Activity. All of the entries below need repeating exactly, apart from their images.

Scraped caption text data

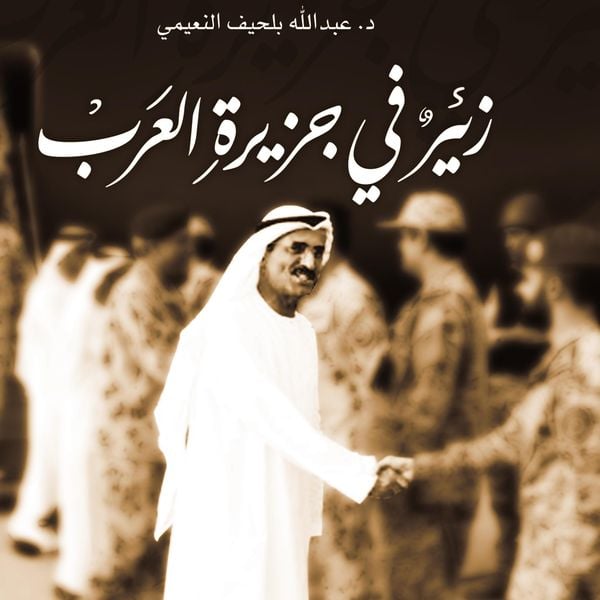 Produktbild: زئير في جزيرة العرب
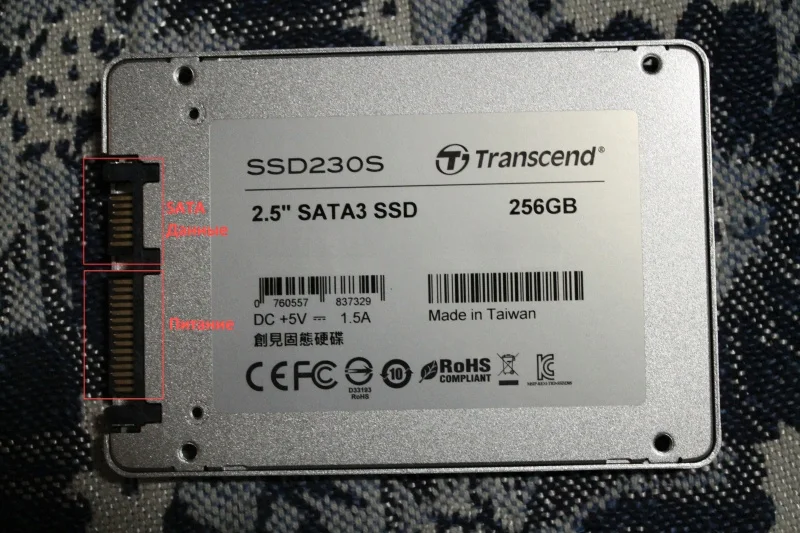 Твердотельный диск 256GB Transcend MSA230S, mSATA, SATA III, 3D TLC [R/W - 560/500 MB/s]
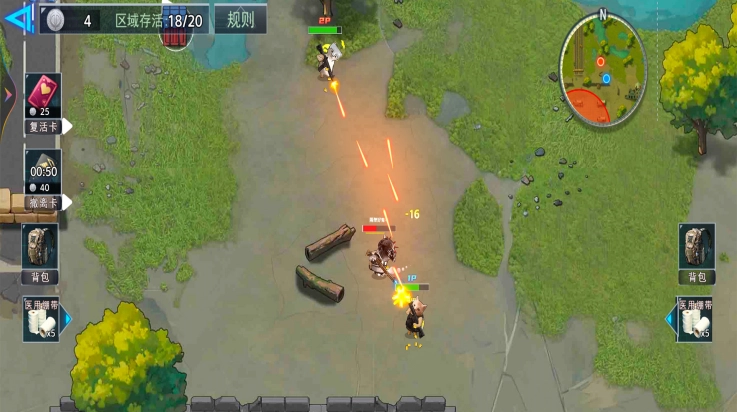 哈基米的世界(3)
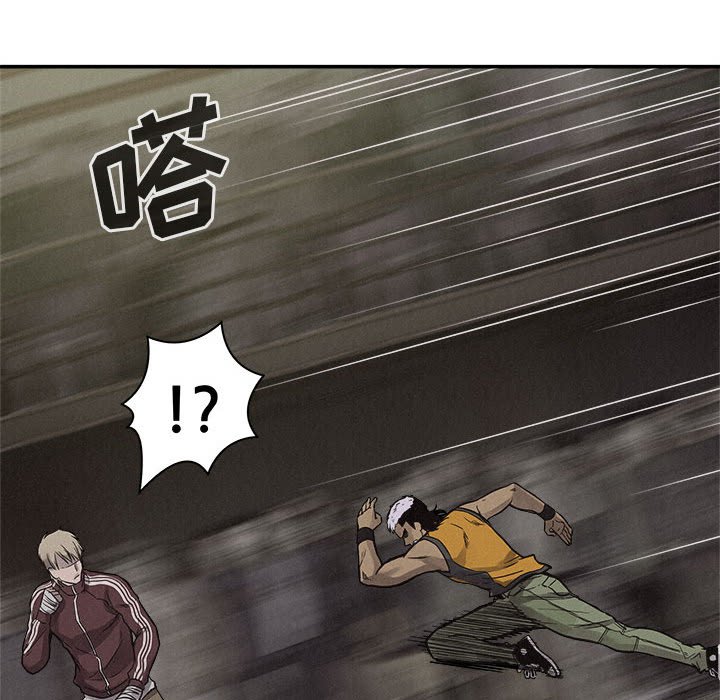 第56話 - 第65张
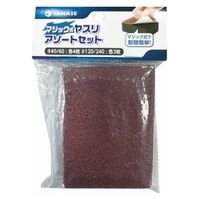 柳瀬 マジック式紙ヤスリ アソートセット MGK-A 1セット（直送品）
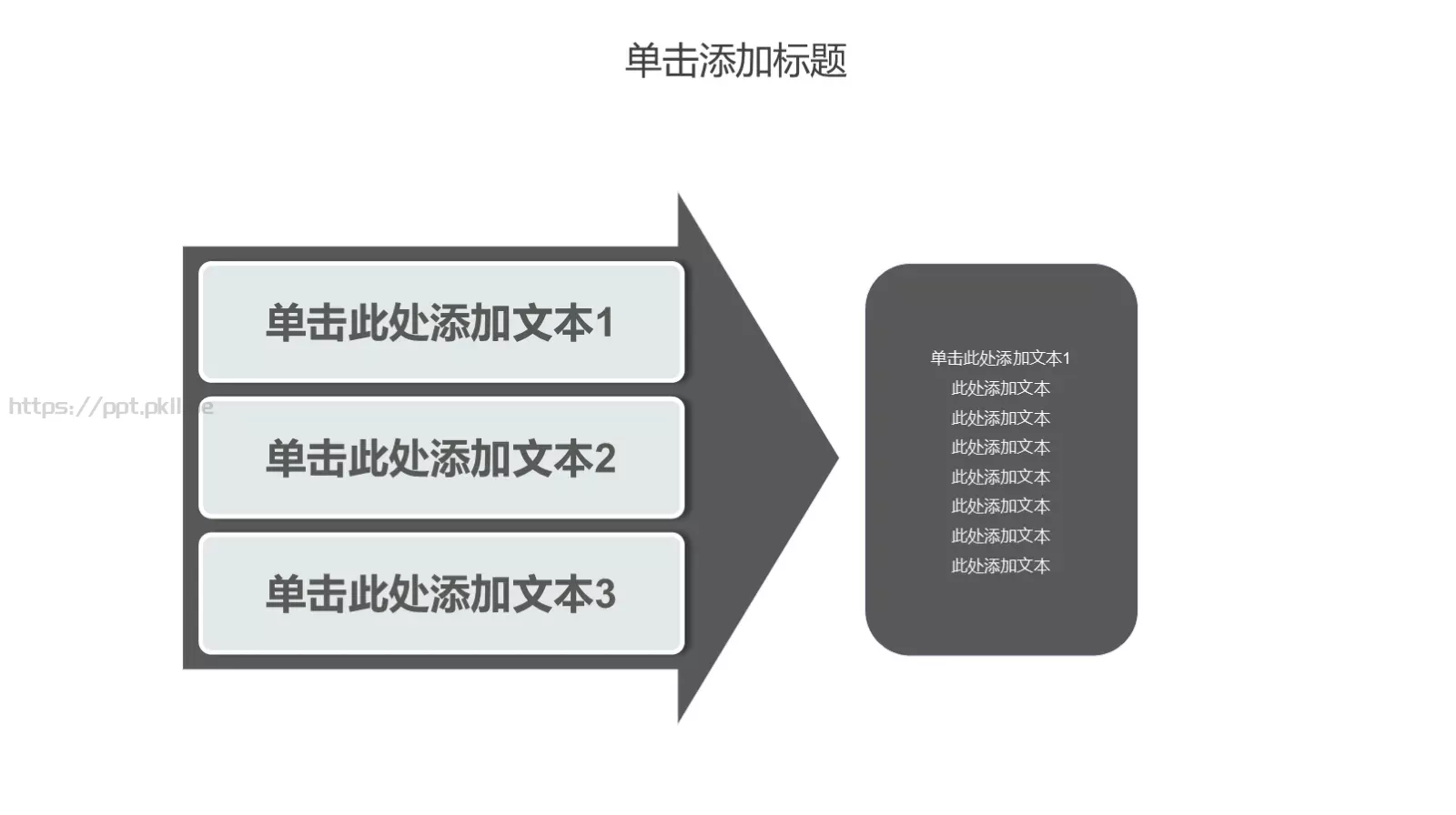 黑白简约岗位竞聘PPT模板 第 17 页预览图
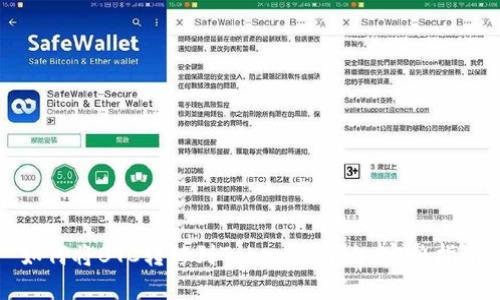 如何将BTC转移到Tokenim平台:完整指南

Task output.
 Produktbild: زئير في جزيرة العرب
 Твердотельный диск 256GB Transcend MSA230S, mSATA, SATA III, 3D TLC [R/W - 560/500 MB/s]
 哈基米的世界(3)
 第56話 - 第65张
 柳瀬 マジック式紙ヤスリ アソートセット MGK-A 1セット（直送品）
 黑白简约岗位竞聘PPT模板 第 17 页预览图
 如何将BTC转移到Tokenim平台:完整指南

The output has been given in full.